In order to identify which area units might see the highest uptake in commuter cycling by adding 100 meters of LATM features to the area unit and contiguous ones, I used the trained bot in conjunction with QGIS to map these area units. You can see the results in the map to the left, which shows the top quintile of the predicted changes in the bicycle mode share. Clusters of such area units clearly manifest themselves. One rather expansive cluster is situated across the neck of Waitemata Harbor directly north and northwest of the CBD. Smaller clusters emerge in the southeastern portion of Te Atatu Peninsula and in the far southest portion of the urbanized area, near Waima. I would never assert that my dataset is sufficiently developed and my analysis strong enough to justify spending public funds on placing LATM infrastructure interventions in these areas. I am merely attempting to show how machine learning in conjunction with GIS techniques offer potential insights to transportation planners and civic associations focused on promoting commuter bicycling.

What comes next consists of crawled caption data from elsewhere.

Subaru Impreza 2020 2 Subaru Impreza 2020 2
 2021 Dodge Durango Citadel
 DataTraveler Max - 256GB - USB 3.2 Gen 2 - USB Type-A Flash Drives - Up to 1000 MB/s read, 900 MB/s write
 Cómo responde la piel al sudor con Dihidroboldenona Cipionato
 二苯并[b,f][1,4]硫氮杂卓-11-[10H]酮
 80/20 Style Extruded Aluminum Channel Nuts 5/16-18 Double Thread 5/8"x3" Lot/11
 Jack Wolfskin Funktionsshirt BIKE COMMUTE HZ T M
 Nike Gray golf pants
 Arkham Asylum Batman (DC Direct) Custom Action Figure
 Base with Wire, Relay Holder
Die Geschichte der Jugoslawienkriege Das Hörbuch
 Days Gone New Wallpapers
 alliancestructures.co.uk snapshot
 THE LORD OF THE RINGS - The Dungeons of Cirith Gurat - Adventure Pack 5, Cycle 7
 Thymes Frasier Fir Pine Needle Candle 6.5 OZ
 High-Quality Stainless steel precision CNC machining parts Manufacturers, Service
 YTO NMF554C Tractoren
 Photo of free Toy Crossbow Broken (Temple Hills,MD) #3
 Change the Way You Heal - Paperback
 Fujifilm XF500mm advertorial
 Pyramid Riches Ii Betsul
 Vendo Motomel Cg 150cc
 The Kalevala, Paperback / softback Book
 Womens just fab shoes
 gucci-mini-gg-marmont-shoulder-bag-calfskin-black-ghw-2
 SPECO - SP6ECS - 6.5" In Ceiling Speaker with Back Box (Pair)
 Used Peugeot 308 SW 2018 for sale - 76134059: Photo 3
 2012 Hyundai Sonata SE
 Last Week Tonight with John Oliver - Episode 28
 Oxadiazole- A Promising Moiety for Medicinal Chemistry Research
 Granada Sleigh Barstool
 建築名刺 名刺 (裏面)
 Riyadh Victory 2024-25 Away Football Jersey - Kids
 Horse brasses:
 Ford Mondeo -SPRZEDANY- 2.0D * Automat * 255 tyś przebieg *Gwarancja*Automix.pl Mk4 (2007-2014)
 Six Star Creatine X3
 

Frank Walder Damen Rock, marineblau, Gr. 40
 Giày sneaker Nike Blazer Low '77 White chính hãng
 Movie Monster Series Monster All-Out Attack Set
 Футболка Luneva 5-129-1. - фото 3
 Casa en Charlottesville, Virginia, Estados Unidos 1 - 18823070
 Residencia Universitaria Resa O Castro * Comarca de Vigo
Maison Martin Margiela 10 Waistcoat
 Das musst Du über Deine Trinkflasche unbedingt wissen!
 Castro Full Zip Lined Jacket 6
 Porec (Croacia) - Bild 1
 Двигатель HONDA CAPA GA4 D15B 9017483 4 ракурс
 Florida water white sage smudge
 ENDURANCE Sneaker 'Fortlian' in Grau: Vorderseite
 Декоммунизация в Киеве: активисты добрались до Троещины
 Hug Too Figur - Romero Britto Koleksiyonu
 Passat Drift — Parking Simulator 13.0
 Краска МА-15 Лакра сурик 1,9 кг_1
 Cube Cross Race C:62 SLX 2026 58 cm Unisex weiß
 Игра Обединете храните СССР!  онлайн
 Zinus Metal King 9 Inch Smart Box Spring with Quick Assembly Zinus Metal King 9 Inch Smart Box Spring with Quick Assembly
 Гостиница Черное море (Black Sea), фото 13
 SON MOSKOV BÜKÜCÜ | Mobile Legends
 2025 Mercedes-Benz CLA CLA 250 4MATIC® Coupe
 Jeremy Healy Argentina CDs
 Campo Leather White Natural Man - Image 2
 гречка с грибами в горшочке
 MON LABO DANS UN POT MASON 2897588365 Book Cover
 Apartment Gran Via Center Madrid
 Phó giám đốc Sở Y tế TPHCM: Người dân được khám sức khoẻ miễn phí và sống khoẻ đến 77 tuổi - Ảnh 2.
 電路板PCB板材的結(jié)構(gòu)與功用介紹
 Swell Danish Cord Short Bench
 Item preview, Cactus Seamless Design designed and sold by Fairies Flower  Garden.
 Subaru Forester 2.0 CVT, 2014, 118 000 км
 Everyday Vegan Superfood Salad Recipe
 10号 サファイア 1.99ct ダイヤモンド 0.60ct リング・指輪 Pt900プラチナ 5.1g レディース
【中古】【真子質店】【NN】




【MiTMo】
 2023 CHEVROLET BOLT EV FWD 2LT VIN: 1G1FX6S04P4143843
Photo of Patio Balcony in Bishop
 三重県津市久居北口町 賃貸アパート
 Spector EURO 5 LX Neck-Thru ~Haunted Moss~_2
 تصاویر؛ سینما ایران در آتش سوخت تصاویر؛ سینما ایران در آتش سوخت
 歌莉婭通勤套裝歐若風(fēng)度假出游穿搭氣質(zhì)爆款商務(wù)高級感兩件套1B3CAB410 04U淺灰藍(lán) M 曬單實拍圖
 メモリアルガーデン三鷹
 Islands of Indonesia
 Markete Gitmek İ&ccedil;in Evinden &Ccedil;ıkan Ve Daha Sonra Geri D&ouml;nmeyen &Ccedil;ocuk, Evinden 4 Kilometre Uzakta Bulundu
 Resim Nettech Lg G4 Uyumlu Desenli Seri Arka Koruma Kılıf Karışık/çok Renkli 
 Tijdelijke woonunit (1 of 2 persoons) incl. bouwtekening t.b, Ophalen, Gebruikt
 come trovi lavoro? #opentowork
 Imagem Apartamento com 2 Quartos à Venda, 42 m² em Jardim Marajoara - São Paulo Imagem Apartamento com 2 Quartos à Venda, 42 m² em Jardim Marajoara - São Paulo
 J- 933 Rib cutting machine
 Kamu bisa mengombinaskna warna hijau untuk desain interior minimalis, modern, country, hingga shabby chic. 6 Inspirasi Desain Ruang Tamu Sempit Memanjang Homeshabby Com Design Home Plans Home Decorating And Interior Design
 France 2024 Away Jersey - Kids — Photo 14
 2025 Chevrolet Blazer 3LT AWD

I also mapped the top quintile of predicted changes in the bicycle mode share resulting from the addition of 100 meters of on-road protected cycle lanes to each area unit. This map appears to the left, also. The clusters differ in certain respects from the ones seen on the LATM map, especially in the eastern suburbs. Bear in mind that the ORPCL intervention tends to choke-off rush-hour automobile traffic flows on arterial roadways, which reduces fuel economy, worsens urban air quality and increases commute times. It does not offer the ancillary benefits of the LATM intervention, too. Therefore, although it appears to be more effective at promoting commuter cycling than the LATM intervention is, we have reason to question its benefits relative to the LATM intervention.